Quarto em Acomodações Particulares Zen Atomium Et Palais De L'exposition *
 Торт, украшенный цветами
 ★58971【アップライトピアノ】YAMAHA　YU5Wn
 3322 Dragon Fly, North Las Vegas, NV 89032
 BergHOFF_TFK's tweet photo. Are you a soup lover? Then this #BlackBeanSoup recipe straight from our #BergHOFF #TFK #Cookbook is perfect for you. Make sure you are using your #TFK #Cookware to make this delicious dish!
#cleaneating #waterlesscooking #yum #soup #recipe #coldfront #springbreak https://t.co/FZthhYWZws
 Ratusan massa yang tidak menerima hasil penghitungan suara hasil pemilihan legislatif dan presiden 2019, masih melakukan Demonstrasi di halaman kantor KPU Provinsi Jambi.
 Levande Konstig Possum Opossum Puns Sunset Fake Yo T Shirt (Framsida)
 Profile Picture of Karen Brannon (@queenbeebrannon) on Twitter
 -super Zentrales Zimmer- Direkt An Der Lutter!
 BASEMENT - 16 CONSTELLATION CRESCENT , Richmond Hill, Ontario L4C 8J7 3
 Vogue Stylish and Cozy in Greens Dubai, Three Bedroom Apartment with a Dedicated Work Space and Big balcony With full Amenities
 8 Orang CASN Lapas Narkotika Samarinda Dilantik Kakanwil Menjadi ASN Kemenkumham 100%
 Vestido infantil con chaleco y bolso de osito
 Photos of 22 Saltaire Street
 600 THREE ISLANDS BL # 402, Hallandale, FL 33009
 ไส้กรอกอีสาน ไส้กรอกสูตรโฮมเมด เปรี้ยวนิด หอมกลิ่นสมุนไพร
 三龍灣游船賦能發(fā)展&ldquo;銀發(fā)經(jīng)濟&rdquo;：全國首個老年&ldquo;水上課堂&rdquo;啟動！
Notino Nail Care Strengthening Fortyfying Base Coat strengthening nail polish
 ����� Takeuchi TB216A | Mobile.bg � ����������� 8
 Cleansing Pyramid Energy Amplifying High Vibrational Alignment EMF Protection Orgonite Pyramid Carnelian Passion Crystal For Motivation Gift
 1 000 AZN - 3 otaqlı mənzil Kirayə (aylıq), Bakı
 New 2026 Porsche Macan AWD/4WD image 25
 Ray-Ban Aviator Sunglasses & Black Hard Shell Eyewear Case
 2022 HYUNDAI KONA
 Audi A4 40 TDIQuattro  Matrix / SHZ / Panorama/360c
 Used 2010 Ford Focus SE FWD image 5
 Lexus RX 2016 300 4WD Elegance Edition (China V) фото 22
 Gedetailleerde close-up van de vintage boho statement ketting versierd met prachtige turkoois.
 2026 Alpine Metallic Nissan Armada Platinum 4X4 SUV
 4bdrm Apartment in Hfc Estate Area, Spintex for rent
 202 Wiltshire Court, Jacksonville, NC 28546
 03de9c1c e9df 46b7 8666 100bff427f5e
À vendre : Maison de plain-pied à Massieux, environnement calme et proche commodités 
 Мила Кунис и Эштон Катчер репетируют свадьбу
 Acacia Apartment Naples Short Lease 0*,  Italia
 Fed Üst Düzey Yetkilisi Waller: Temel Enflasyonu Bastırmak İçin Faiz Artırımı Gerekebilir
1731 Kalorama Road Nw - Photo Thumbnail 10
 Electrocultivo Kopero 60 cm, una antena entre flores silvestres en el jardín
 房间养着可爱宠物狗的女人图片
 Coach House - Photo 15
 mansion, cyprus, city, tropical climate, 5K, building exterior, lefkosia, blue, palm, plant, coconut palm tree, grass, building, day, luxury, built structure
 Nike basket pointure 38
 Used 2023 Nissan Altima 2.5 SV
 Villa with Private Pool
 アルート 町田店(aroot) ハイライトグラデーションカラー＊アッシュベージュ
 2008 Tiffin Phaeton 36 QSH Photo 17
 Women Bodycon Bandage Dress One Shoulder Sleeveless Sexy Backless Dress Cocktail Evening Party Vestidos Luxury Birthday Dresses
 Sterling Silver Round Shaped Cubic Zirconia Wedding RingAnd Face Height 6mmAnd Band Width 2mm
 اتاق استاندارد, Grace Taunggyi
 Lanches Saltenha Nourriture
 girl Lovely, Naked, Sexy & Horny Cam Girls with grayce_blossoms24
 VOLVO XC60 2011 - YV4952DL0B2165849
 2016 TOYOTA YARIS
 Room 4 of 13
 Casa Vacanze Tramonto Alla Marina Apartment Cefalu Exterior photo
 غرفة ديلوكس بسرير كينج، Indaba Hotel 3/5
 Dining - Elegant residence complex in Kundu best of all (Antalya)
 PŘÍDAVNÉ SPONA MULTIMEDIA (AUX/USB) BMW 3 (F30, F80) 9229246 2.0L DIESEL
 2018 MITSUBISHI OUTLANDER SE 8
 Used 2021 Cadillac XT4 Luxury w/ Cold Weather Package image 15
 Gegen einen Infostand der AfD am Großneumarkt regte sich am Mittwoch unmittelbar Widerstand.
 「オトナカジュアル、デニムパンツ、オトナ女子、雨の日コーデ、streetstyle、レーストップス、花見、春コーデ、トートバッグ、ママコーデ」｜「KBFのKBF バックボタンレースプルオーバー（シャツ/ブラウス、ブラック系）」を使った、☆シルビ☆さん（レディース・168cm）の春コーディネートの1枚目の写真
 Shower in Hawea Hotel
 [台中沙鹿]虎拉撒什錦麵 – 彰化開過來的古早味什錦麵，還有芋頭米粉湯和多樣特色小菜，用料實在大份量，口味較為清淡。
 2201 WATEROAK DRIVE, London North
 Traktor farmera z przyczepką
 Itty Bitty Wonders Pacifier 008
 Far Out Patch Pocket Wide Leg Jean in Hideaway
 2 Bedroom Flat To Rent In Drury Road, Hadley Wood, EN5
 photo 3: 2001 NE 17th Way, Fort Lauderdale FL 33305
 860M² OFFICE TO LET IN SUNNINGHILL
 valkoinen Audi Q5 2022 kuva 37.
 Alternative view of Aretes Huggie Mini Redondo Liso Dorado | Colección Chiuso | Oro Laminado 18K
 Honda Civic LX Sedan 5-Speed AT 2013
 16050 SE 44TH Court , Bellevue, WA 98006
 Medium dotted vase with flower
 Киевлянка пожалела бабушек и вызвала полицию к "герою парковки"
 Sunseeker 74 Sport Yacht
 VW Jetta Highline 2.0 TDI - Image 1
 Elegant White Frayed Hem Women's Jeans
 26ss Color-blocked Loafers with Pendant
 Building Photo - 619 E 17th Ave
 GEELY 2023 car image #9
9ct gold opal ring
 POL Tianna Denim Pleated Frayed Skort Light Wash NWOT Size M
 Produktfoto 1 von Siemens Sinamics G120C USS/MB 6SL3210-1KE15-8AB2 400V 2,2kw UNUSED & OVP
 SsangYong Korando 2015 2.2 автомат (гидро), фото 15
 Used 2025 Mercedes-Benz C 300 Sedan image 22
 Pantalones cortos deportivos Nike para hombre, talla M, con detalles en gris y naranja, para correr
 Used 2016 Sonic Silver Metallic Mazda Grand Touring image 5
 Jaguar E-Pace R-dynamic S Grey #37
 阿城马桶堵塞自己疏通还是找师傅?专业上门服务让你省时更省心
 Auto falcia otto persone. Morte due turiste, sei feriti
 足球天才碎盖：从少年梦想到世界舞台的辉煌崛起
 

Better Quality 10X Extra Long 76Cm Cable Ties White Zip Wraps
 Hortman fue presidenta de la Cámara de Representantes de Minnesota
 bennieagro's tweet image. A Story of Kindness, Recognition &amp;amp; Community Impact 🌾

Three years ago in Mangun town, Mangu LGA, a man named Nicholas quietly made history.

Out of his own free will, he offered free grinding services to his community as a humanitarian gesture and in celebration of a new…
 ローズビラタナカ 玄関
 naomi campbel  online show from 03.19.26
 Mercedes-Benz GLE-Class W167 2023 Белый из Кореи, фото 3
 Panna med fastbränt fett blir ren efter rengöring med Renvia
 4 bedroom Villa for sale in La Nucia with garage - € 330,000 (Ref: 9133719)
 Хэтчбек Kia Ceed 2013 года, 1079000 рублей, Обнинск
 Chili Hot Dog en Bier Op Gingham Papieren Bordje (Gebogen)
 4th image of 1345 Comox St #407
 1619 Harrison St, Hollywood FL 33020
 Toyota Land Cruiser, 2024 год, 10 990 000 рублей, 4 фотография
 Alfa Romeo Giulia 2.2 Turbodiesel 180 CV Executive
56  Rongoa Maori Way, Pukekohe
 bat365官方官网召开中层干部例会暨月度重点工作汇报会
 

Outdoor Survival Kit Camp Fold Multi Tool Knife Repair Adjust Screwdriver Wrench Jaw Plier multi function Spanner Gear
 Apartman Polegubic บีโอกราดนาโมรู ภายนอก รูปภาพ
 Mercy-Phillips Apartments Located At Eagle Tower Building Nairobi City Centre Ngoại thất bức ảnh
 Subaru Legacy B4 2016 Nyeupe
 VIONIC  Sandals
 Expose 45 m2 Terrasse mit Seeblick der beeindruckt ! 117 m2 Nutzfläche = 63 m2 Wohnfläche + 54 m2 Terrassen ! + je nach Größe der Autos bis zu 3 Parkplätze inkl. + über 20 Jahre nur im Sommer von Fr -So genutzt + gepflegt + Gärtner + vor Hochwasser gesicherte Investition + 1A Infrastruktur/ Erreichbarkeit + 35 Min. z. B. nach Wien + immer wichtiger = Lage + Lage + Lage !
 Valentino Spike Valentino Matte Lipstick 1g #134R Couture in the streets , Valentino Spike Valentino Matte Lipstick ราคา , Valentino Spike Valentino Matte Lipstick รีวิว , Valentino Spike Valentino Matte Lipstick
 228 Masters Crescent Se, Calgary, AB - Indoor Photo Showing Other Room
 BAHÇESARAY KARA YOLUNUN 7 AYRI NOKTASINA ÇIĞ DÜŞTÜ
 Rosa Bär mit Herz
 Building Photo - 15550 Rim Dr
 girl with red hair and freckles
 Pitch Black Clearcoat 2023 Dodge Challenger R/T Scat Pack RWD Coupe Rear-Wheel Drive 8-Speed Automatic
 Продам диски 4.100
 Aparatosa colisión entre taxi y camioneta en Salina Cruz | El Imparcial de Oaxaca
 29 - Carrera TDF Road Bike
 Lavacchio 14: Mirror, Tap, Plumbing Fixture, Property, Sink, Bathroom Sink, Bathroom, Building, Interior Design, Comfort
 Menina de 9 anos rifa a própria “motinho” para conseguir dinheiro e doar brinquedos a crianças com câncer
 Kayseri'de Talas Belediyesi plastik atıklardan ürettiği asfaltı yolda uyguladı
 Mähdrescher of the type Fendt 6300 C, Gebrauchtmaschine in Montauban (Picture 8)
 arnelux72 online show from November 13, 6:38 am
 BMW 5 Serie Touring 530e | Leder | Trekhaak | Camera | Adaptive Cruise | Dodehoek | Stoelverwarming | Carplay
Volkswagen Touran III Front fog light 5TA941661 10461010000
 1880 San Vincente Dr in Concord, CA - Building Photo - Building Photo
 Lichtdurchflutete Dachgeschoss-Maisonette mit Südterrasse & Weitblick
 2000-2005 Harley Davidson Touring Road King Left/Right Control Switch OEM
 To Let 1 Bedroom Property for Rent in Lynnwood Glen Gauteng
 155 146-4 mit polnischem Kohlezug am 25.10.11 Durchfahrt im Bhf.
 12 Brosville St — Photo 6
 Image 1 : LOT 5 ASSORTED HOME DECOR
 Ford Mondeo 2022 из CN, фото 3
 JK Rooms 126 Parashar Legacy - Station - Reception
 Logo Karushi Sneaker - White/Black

Work instructions -> What you give back should be only the lines of the records above, starting at the line with "Jaguar E-Pace R-dynamic S Grey #37" and ending at the line with "Hortman fue presidenta", restated word for word.

Worked solution ->
 Jaguar E-Pace R-dynamic S Grey #37
 阿城马桶堵塞自己疏通还是找师傅?专业上门服务让你省时更省心
 Auto falcia otto persone. Morte due turiste, sei feriti
 足球天才碎盖：从少年梦想到世界舞台的辉煌崛起
 

Better Quality 10X Extra Long 76Cm Cable Ties White Zip Wraps
 Hortman fue presidenta de la Cámara de Representantes de Minnesota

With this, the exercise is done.